▶ _What is needed_: When you return the lines below, go from the first through the line with "Detailed close up of a mechanical steampunk robot face Detailed", keep them exact, and leave out every picture.

▶ _Study material_:
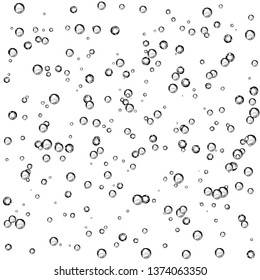 Many Small Air Fizz Bubbles On White Background. Seamless Pattern. Vector Illustration.
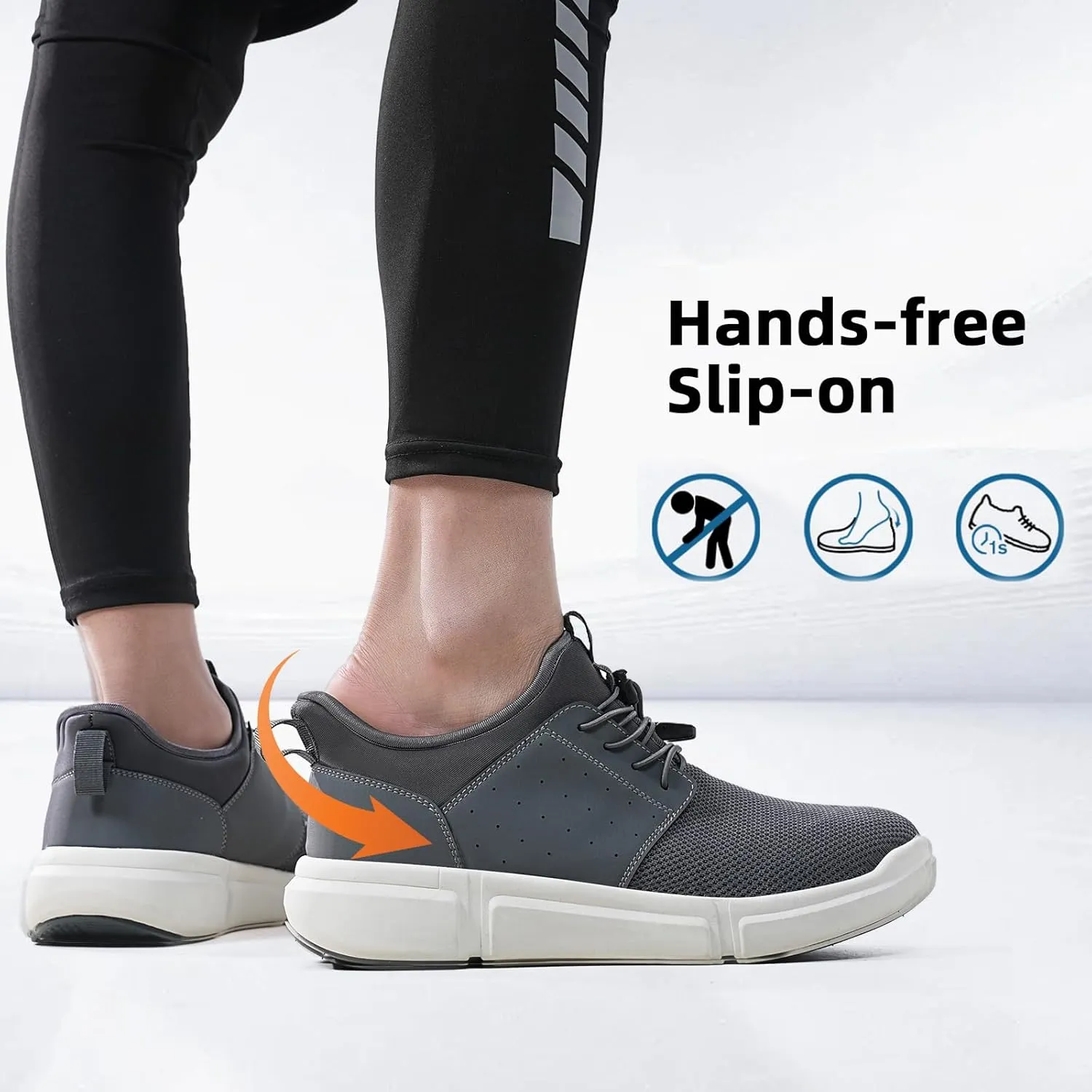 Diabetic Shoes for Men Wide Slip-on Shoes for Swollen Feet Walking Shoes for Elderly Foot Pain Relief Neuropathy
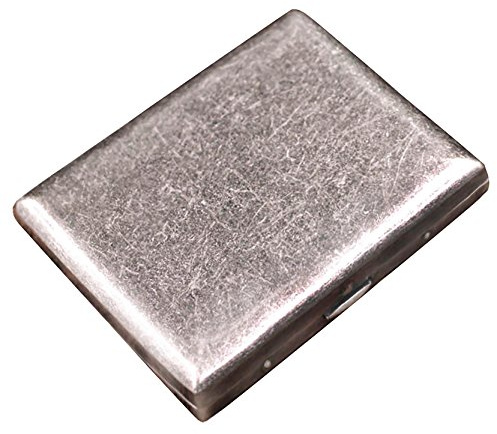 CaLeQi Vintage Silver Cigarette Case Holds 20 Cigarettes. Featuring a Retro Silver Design, it Fits Easily Into any Pocket or Shirt Pocket (With Branded Gift Box)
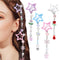 Star Hair Clips - 4 PCS 2000s Y2K Silver Star Barrettes, Non Slip Metal Snap Hair Accessories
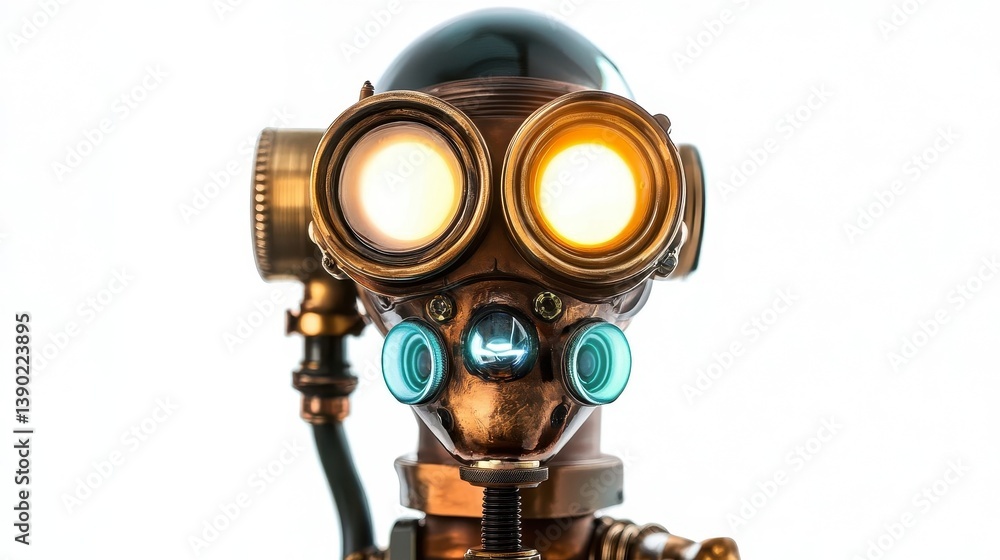 Detailed close up of a mechanical steampunk robot face Detailed close up of a mechanical steampunk robot face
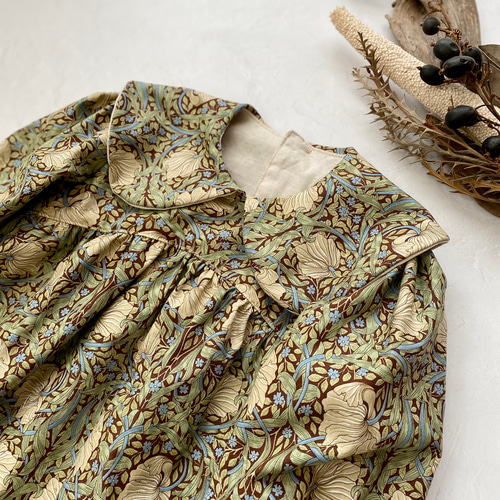 受注生産】ウィリアムモリス ピンパーネル おっきな丸襟ワンピース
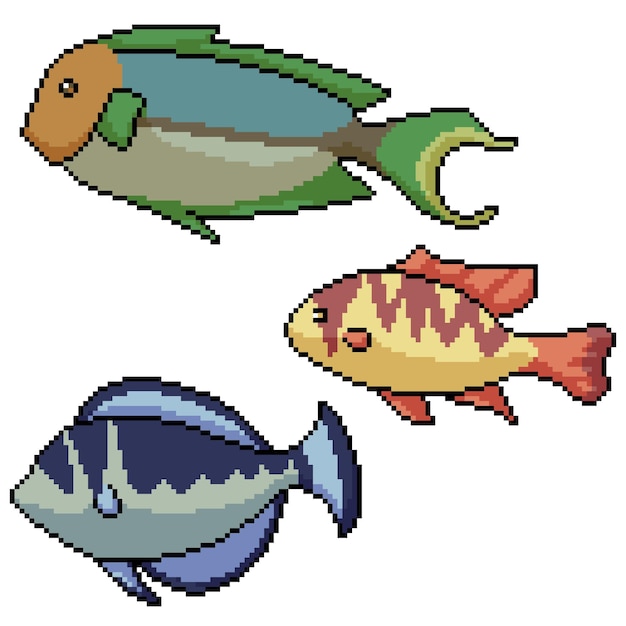 Pixelkunst der bunten Fischseite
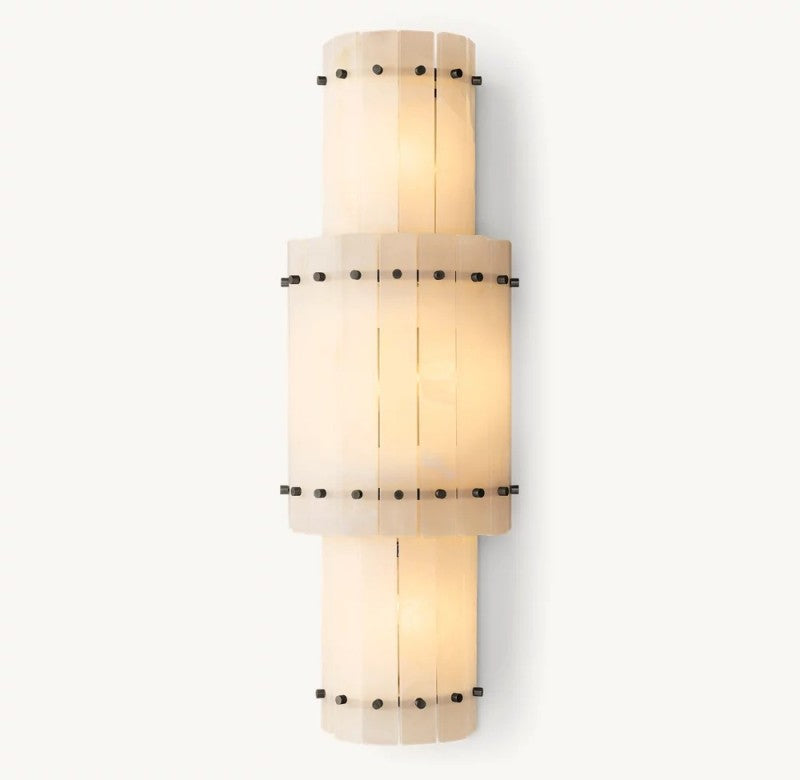 Aurelius Alabaster Round Wall Sconce 38''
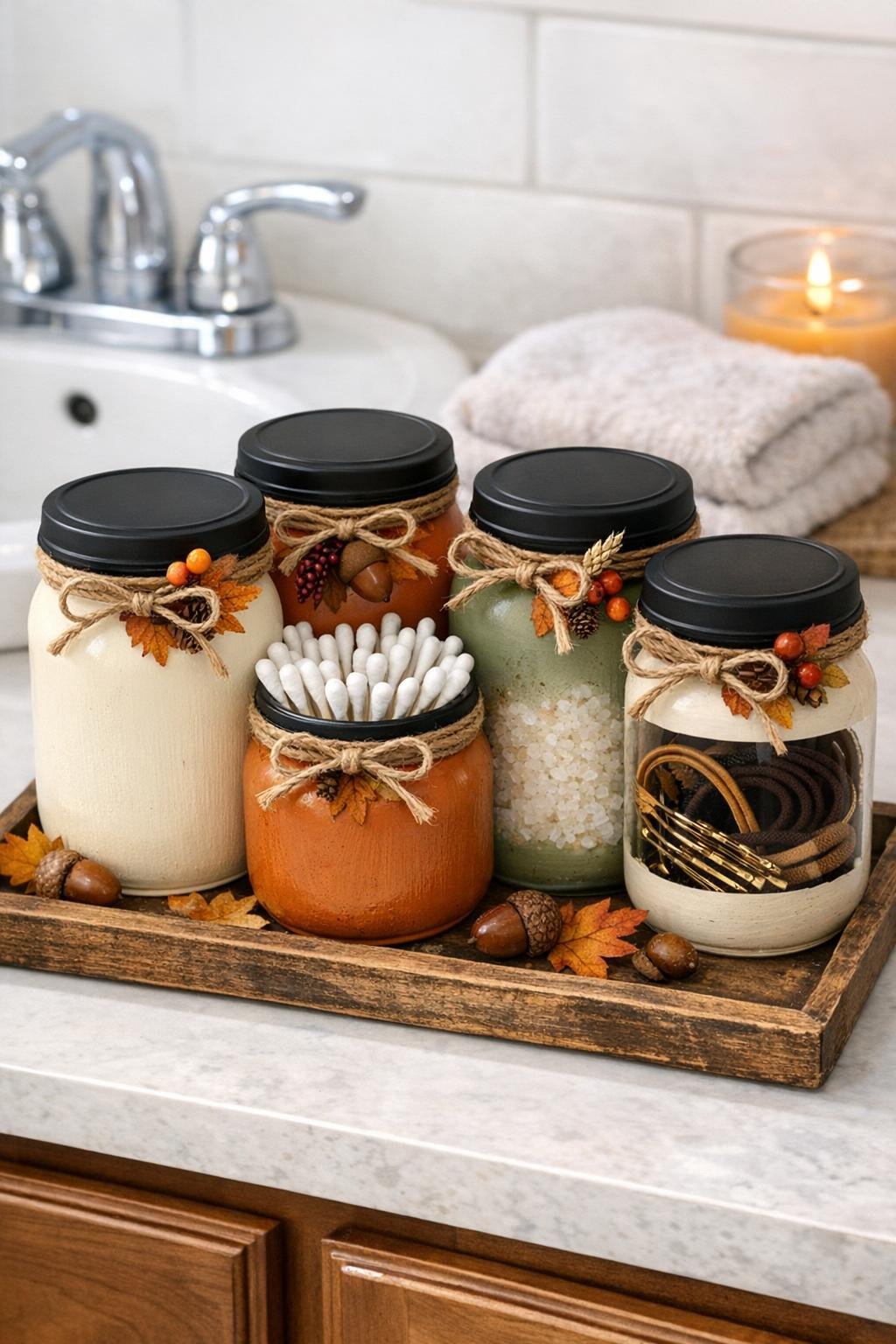Finished fall bathroom storage set made from painted thrift store pickle jars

▶ _Result for this exercise_:
 Many Small Air Fizz Bubbles On White Background. Seamless Pattern. Vector Illustration.
 Diabetic Shoes for Men Wide Slip-on Shoes for Swollen Feet Walking Shoes for Elderly Foot Pain Relief Neuropathy
 CaLeQi Vintage Silver Cigarette Case Holds 20 Cigarettes. Featuring a Retro Silver Design, it Fits Easily Into any Pocket or Shirt Pocket (With Branded Gift Box)
 Star Hair Clips - 4 PCS 2000s Y2K Silver Star Barrettes, Non Slip Metal Snap Hair Accessories
 Detailed close up of a mechanical steampunk robot face Detailed close up of a mechanical steampunk robot face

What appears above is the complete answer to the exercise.